What great content you have, truly, I'm glad I have found you. I really appreciate the raw narrative. I've passed the DP-900 and this is great hands on practice which I'm going to use on some data that I have. I was also thinking to use this project to learn terraform since I was using the azure CLI in a bash script to create things, and looking through your channel I've found great content for Terraform that I'm excited to check out. You definitely deserved more views, keep up the good work
I originally developed this project with your video . I came here because all the code is available for reviewing it if you get stuck. Which makes a huge difference. He also make great job attending sql server connections issues, creating the resources and other thing you fast forwaded.Therefore it took lots of hours to figure it out. WIshing success to both.
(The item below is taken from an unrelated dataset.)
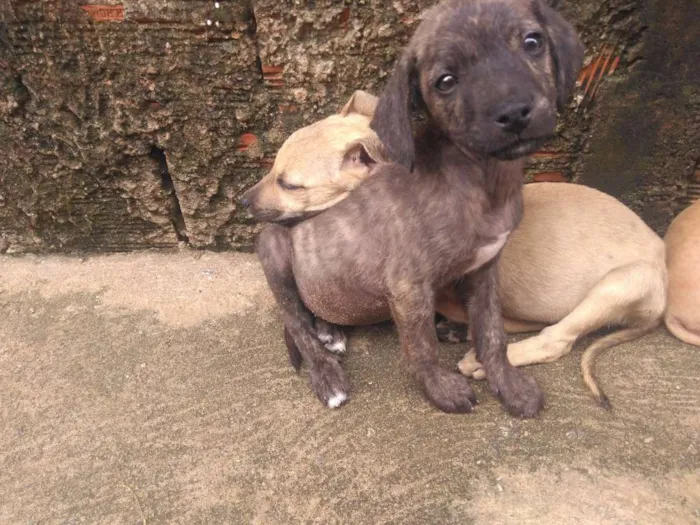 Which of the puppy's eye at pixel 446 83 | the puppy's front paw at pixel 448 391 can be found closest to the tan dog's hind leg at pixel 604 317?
the puppy's front paw at pixel 448 391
Hi Luke. I recently went through your End-End data engineer project. You explained it very well. Loved the content, was very easy to understand the whole process. i just have a small query, can we build the whole pipeline in synapse rather than ADF as Synapse is built on top of Data lakes?
Hey Harsha, thank you very much! :) Yes, exactly I believe you could as synapse integrates both data lake and data pipeline functionalities, making it an all-in-one platform for both data storage and orchestration.
Hi Luke, Thanks for this. Really well explained. In terms of the business request, if the company wants to understand the gap in customer demographics. What are the additional reasons of running this particular solution and utilising Azure Cloud as opposed to running automated pipelines on-prem? Thanks.
Thank you 🙏 With Azure, you get flexibility to scale up or down as needed, reach customers globally with reliable compliance, and use powerful analytics and AI tools for real-time insights. Plus, Azure's built-in security, backups, and DevOps tools make it way easier and faster to manage without the massive costs and hassle of on-prem setups. It’s like getting enterprise-level power without the usual infrastructure headaches!
Hey Faisal, try the below and let me know how you get on: 1. Create a Service Principal in Azure Active Directory (AAD): - Set up a Service Principal for Databricks to authenticate and access the Azure Data Lake Storage (ADLS). 2. Assign Permissions to the Service Principal: - Grant the Service Principal access to your ADLS account by assigning it the "Storage Blob Data Contributor" role through the "Access Control (IAM)" section in the Azure portal.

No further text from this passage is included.